How much experience do you have with investing, and what's your risk tolerance? What are your 401(k) and IRA invested in? How interested are you in actively managing your investments to maintain a target asset allocation?
The first key here is don't overthink it. Your ability to FIRE will be driven much more by your expenses than it will by the distinction between 0.14 and 0.15 expense ratios. You have already avoided many of the serious traps -- high expense ratios, letting money sit in cash for years, etc. -- and are down to a small list of perfectly good options. So don't let the perfect be the enemy of the good; make a decision and execute it.
I would also try to dissuade you from thinking that you need your asset allocation to become more conservative over the next decade. The reality is that even if you plan to FIRE at 40, you still need those investments to last another 40+ years. So if you like an 80/20 asset allocation now, why change it? Or, if you feel the need to modify it 10 years from now, why couldn't you shift the changes to within your 401(k)/IRA so you don't trigger massive capital gains taxes (remember that your asset allocation applies to your entire portfolio, not just a single investment)? Or just divert new money to the more conservative investments vs. selling and buying your existing stuff? You can think of it as buckets, i.e., right now you are filling your long-term-needs bucket; once that is sufficiently filled, you can divert your new investments to your more conservative short-term needs bucket. There are many, many options in front of you; you don't have to predict the future perfectly right now.
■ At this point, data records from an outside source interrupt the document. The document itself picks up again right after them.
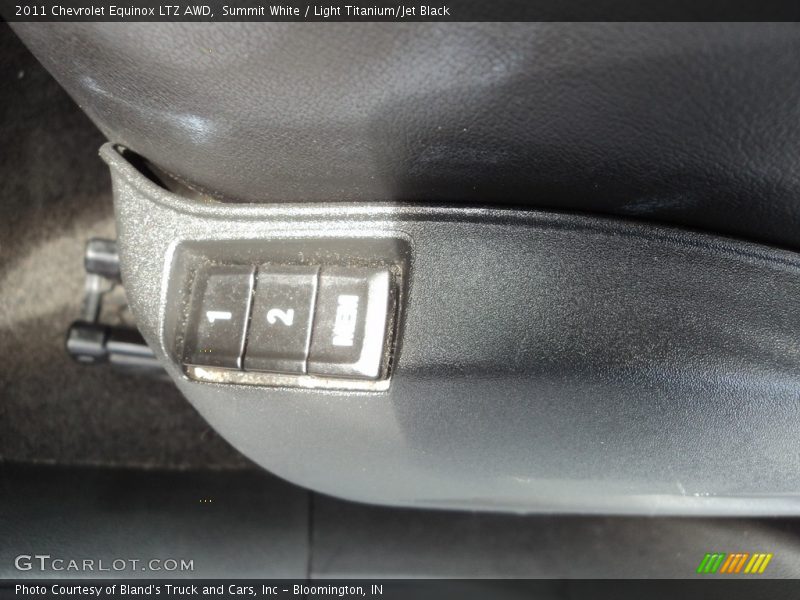 Summit White / Light Titanium/Jet Black 2011 Chevrolet Equinox LTZ AWD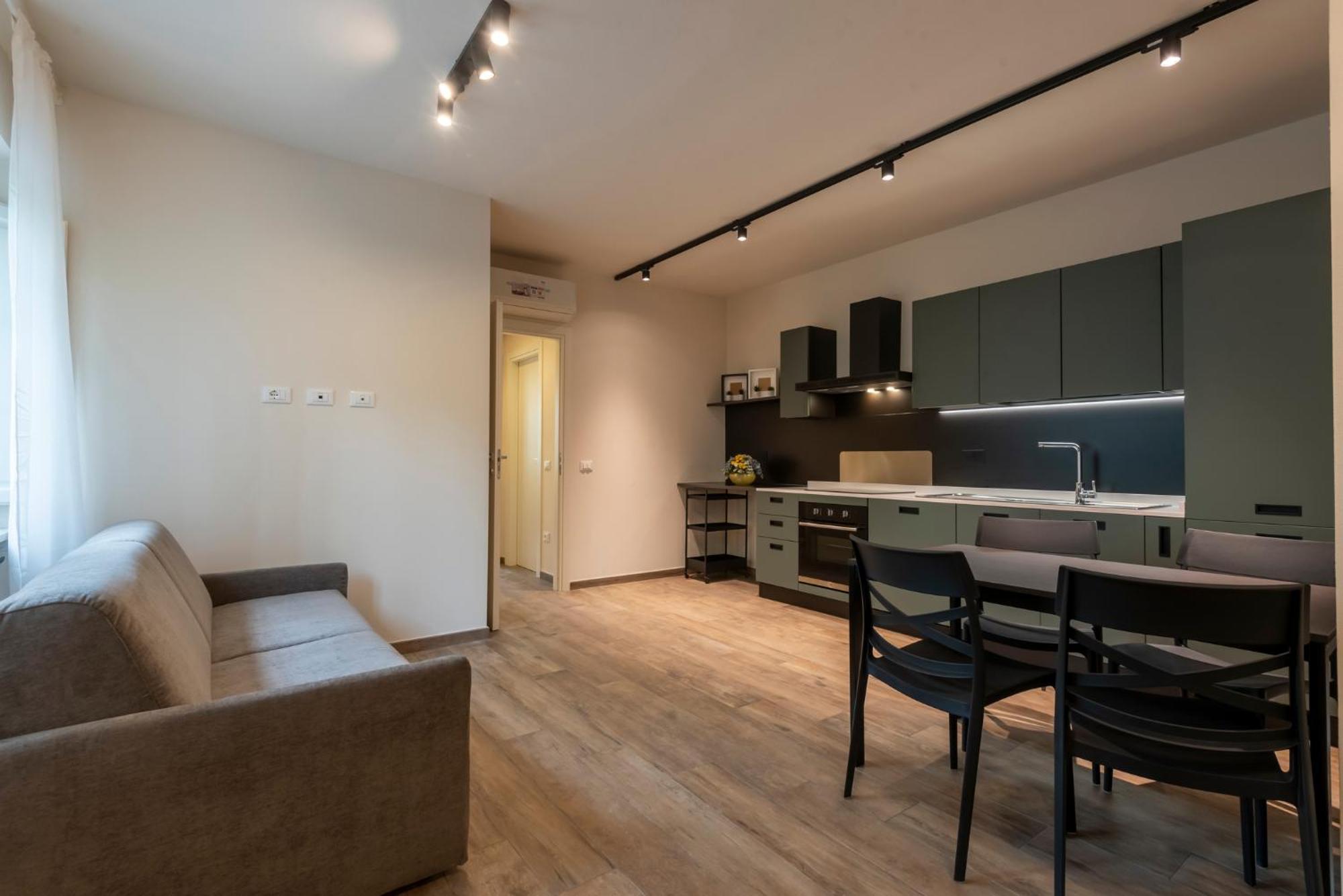 Iarsera Rooms And Apartment ルッカ エクステリア 写真
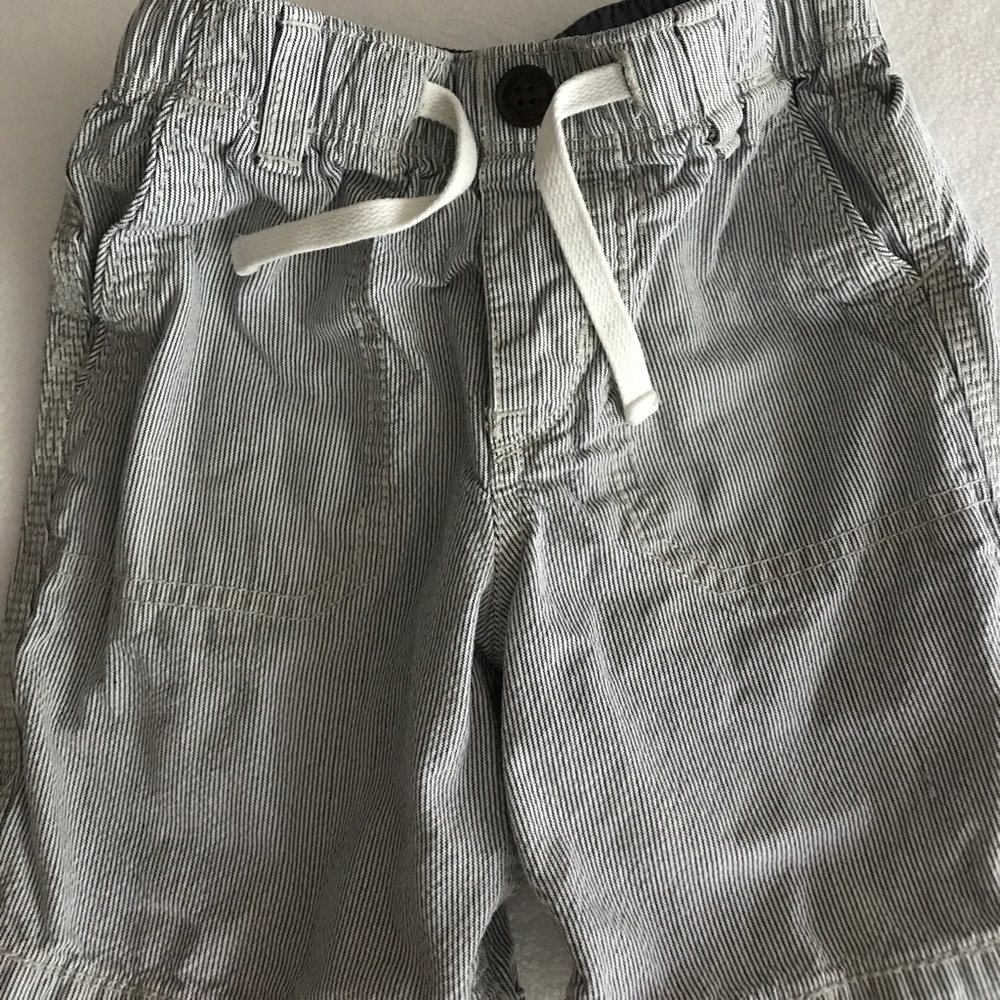 Gap baby blue white striped shorts sz 3 toddler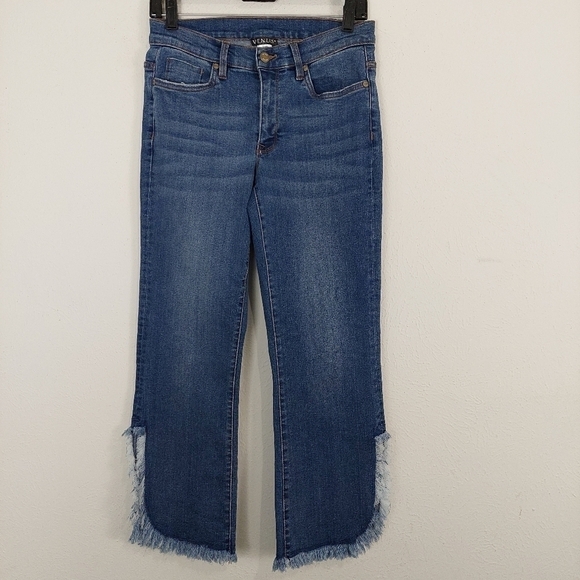 Venus High Rise Distressed Frayed Cropped Medium Wash Blue Denim Jeans Size‎ 4. - Picture 2 of 9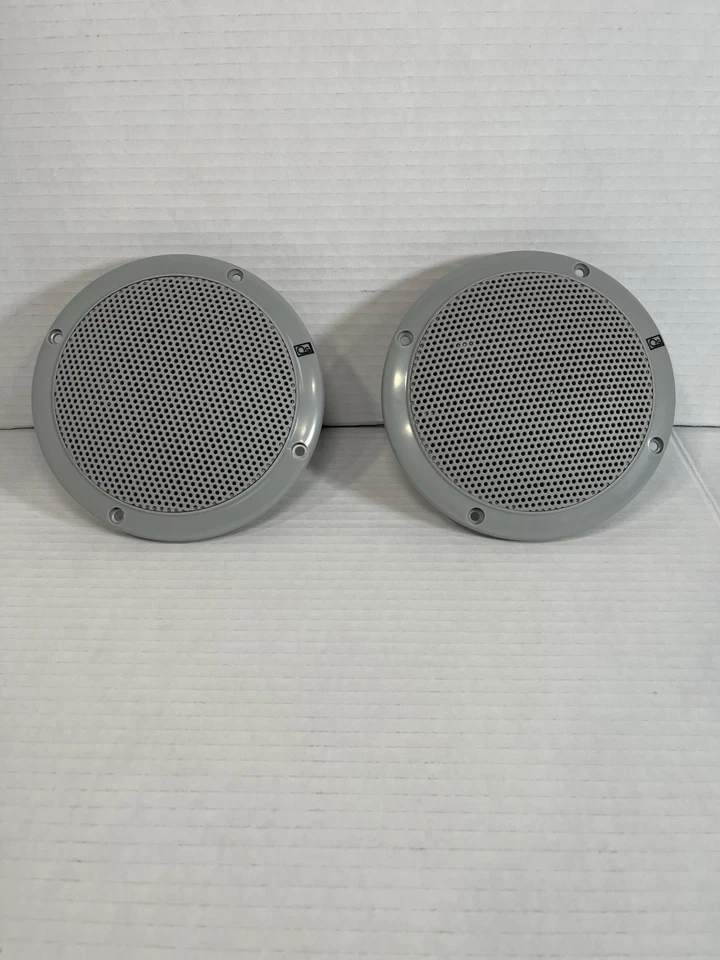 Brand New Poly Planar Marine Waterproof Coaxial Speaker Set 40 Watt 6 Inches - Image 1 of 3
IMO the most important thing is to pick a fund that you will be able to stick with through all the drops. Were you invested in 2008? If so, what did you do then? If you weathered those drops, then I'd put the money into VTSAX and just be prepared to ignore it for decades. If you panicked, or if you weren't invested then, then a more conservative fund might be right for you. Or if you're just lazy and don't want to think about it, then pick a target-date fund and forget about it.
All of your choices can get you there. Pick the one that suits your concerns and risk tolerance.